The delay on Ahuja’s nomination is being led by Sen. Josh Hawley, R-Mo., although several Republican­s objected to a quick confirmati­on vote for her, according to senior Democratic and GOP officials. The move will force Senate Majority Leader Charles Schumer, D-N.Y., to go through procedural hurdles on the Senate floor, rather than move quickly with a pro forma vote that is more common for nominees to lower-profile posts.

Ahuja’s candidacy to lead the Office of Personnel Management, which cleared a key committee nearly two months ago, is now in a long queue of Biden nominees pending in the Senate. She probably will be confirmed in the evenly divided Senate unless a Democrat objects and all Republican­s oppose her, but it’s unclear whether a vote will be scheduled on the crowded docket before senators leave for their next recess at the end of June.

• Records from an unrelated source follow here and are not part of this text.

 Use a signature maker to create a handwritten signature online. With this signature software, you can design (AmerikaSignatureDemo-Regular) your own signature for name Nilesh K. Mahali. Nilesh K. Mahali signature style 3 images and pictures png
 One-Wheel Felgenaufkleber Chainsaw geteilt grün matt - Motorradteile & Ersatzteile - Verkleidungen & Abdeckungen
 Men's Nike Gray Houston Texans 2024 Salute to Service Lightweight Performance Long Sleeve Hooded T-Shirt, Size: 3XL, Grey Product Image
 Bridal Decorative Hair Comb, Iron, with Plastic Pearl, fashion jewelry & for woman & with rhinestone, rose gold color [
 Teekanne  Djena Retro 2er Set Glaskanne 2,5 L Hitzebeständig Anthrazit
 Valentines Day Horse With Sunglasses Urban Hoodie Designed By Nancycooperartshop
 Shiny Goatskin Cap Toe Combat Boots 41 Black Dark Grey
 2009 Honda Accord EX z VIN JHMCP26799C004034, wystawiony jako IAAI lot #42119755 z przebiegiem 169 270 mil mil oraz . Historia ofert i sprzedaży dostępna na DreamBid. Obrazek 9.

The delay deals another setback to Biden’s pledge to rebuild the federal government after the tumultuous Trump years, which left many department­s in the government short-staffed.

With no nominee to head the White House Office of Management and Budget and no one confirmed to lead the General Services Administra­tion, which handles federal procuremen­t and real estate, the three agencies in charge of overall management of the vast government and its 2.1 million career employees are without permanent leadership six months into the administra­tion.

“[Office of Personnel Management] plays a key role in carrying out President Biden’s efforts to rebuild and revitalize our federal workforce, which includes many of my constituen­ts,” Sen. Chris Van Hollen, D-Md., whose district includes tens of thousands of federal employees, said in an email. “It’s crucial that the Senate move quickly to confirm her.”

The White House has pressed Schumer to bring the nomination to a quick vote, but Ahuja is competing for a spot on a heavy Senate calendar.

“Kiran Ahuja is a qualified, experience­d, and dedicated public servant who we are looking forward to leading the Office of Personnel Management in its work protecting the safety of the workforce, empowering federal employees, and building a federal workforce that looks like America,” Chris Meagher, a deputy White House press secretary, wrote in an email.

Ahuja did not return an email seeking comment.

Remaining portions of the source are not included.